Lutut merupakan sendi yang menopang berat badan sehingga paling aktif bekerja.
Tekanan Berlebih Saat Workout
Gerakan seperti:
- Squat
- Lunges
- Jumping
- Naik turun tangga
dapat meningkatkan tekanan pada lutut.
Otot Paha Lemah
Otot paha membantu menjaga stabilitas lutut. Jika lemah, gesekan di sendi meningkat.
Teknik Olahraga yang Salah
Posisi lutut yang salah saat latihan membuat tekanan tidak merata.
Bagaimana Cara Mengurangi Bunyi Sendi Saat Workout?
Meski tidak selalu berbahaya, bunyi sendi tetap bisa dikurangi dengan kebiasaan yang tepat.
Lakukan Pemanasan Minimal 10 Menit
Pemanasan membantu tubuh lebih siap bergerak.
Pemanasan yang Efektif:
- Dynamic stretching
- Jalan cepat
- Gerakan mobilitas sendi
Perbanyak Minum Air
Cairan membantu menjaga pelumasan sendi tetap optimal.
Jangan Langsung Latihan Berat
Naikkan intensitas olahraga secara bertahap agar tubuh tidak kaget.
Perkuat Otot Penyangga
Latihan otot inti dan paha membantu menjaga stabilitas tubuh.
Apakah Stretching Bisa Membuat Sendi Bunyi?
Ya, stretching sering memunculkan suara “krek”. Hal ini biasanya terjadi karena:
- Pelepasan tekanan sendi
- Pergeseran tendon
- Pecahnya gelembung gas kecil
Stretching yang Aman Dilakukan
Beberapa gerakan ringan yang aman antara lain:
Peregangan Hamstring
Membantu mengurangi ketegangan kaki belakang.
Rotasi Bahu
Baik untuk pekerja yang sering duduk di depan komputer.
Cat-Cow Stretch
Membantu fleksibilitas tulang belakang.
Kapan Harus Periksa ke Dokter?
Jangan abaikan kondisi tertentu hanya karena mengira itu bunyi biasa.
Segera Periksa Jika Mengalami:
- Nyeri lebih dari 3 hari
- Bengkak semakin besar
- Sendi terasa panas
- Sulit berjalan
- Mati rasa
- Bunyi terus berulang
Dokter biasanya akan melakukan pemeriksaan fisik atau MRI (Magnetic Resonance Imaging) jika diperlukan.
Mitos Tentang Bunyi Sendi yang Masih Dipercaya
Masih banyak orang salah paham soal bunyi sendi.
“Kalau Bunyi Berarti Tulang Bergeser”
Tidak selalu benar. Banyak bunyi berasal dari gas atau tendon, bukan tulang bergeser.
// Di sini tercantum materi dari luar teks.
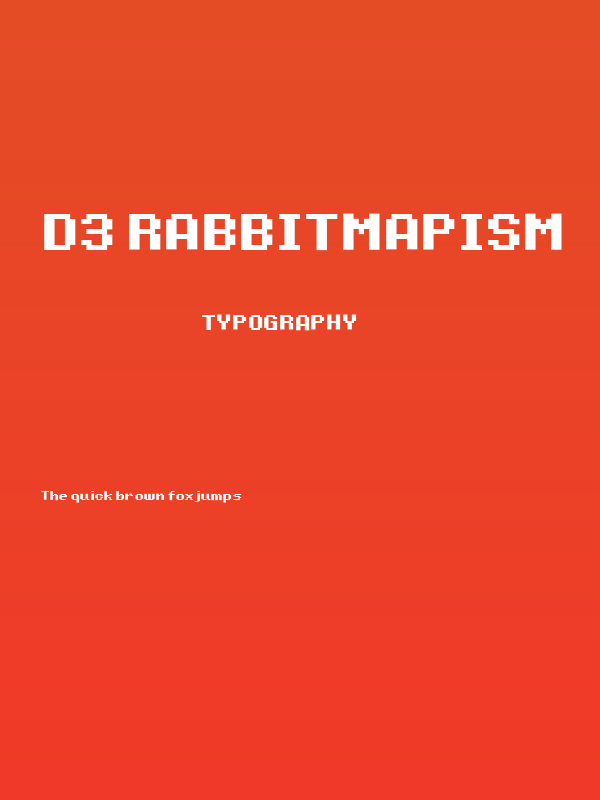 D3 Rabbitmapism Poster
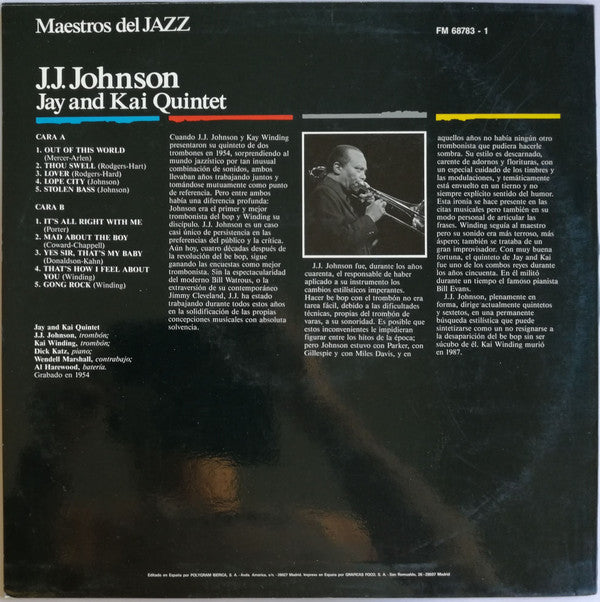 Release: K + J.J.-Vinyl-Spain-1989-FM 68783-1-9161349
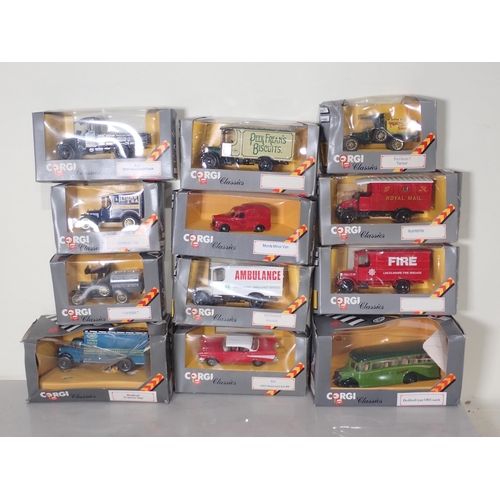 1265 - Thirty four boxed Corgi Classics diecast Models including 'Lyons' Tea' Ford Model 'T' Van, 'LNER' Be...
“Semua Bunyi Tanda Pengapuran”
Pengapuran biasanya terjadi pada usia lanjut dan memiliki gejala lain seperti nyeri kronis.
“Sendi Bunyi Berarti Harus Stop Olahraga”
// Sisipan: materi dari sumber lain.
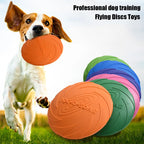 Dog Flying Disc, Soft Rubber Outdoor Toy for Training and Fetch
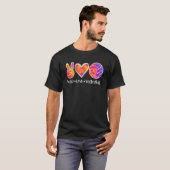 Peace Love Volleyball - Volleyball Lovers T-shirt (Voorkant volledig)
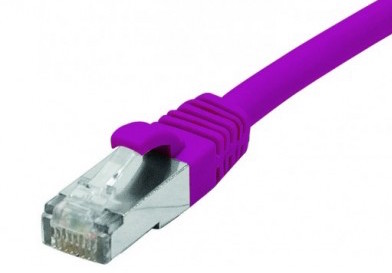 cable ethernet snagless lszh ftp violet 0,5m cat 6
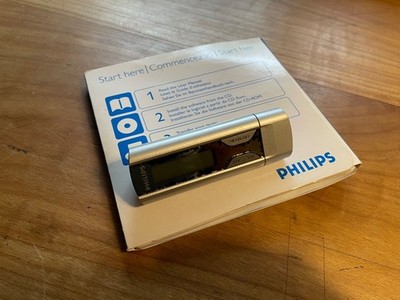 VINTAGE PHILIPS SA1100/02 GO GEAR 512MB MP3 PLAYER SILBER (Retro digital Musik)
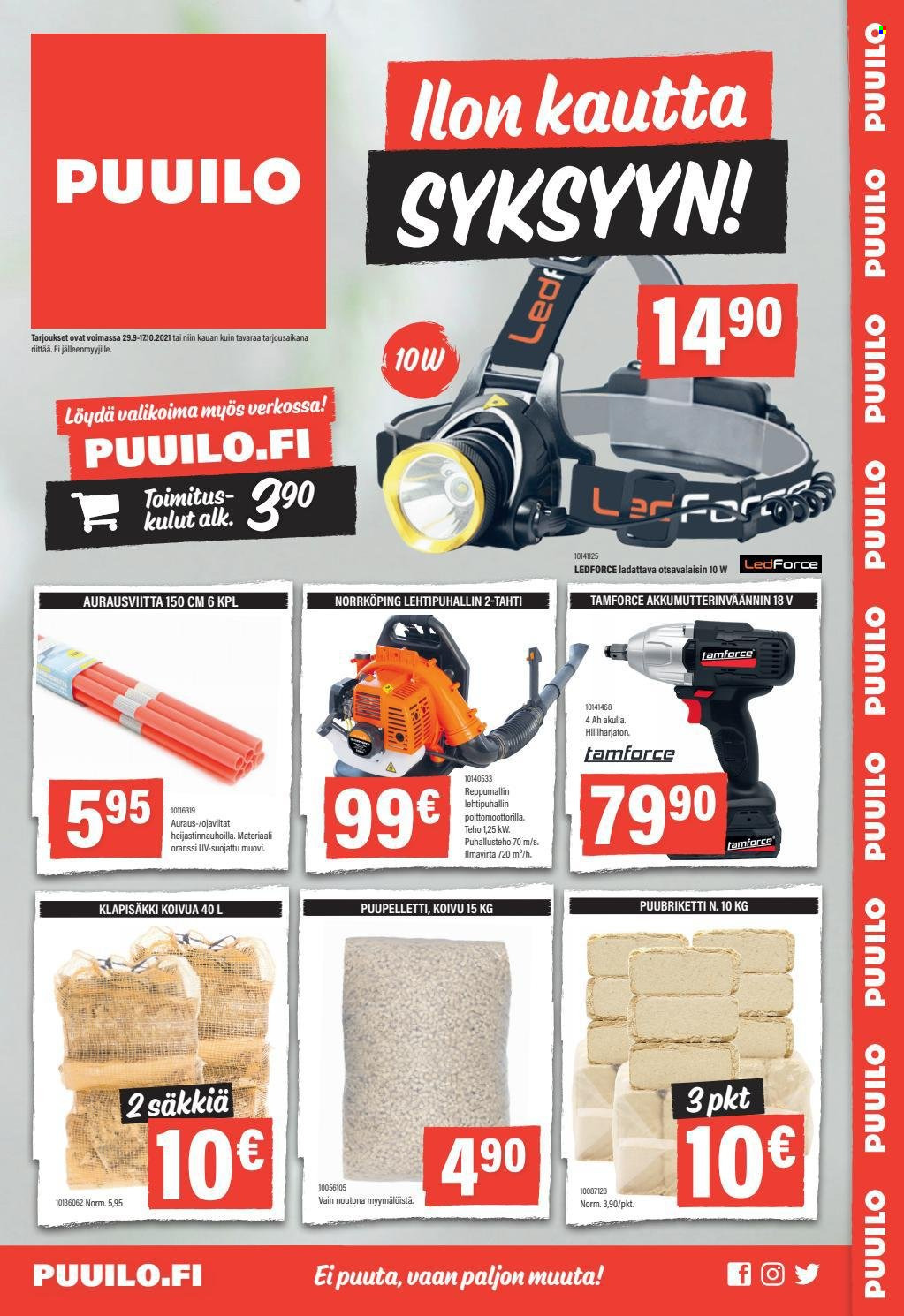 Puuilo tarjoukset - 29.09.2021 - 17.10.2021. Sivu 1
Justru olahraga ringan membantu menjaga sendi tetap sehat jika dilakukan dengan benar.
Cara Menjaga Sendi Tetap Sehat dalam Jangka Panjang
Sendi sehat tidak hanya bergantung pada olahraga, tetapi juga pola hidup sehari-hari.
Tidur yang Cukup
Tubuh memperbaiki jaringan saat tidur malam.
Konsumsi Protein dan Kalsium
Nutrisi membantu menjaga kekuatan otot dan tulang.
Hindari Berat Badan Berlebih
Berat badan tinggi memberi tekanan ekstra pada lutut dan pinggul.
Tetap Aktif Bergerak
Kurang gerak justru membuat sendi makin kaku.
Bunyi “krek” saat olahraga memang sering membuat khawatir, tetapi tidak semuanya menandakan cedera serius. Dalam banyak kasus, suara tersebut hanyalah reaksi normal dari sendi, tendon, atau gelembung gas di dalam tubuh. Meski begitu, Anda tetap harus waspada jika bunyi disertai nyeri, bengkak, atau gerakan yang terasa tidak normal.
Memahami kapan bunyi sendi masih aman dan kapan harus diperiksa menjadi langkah penting agar aktivitas olahraga tetap nyaman dan minim risiko. Dengan pemanasan yang benar, teknik latihan yang tepat, serta menjaga kondisi tubuh tetap fit, bunyi “krek” saat olahraga bisa diminimalkan tanpa harus takut berlebihan.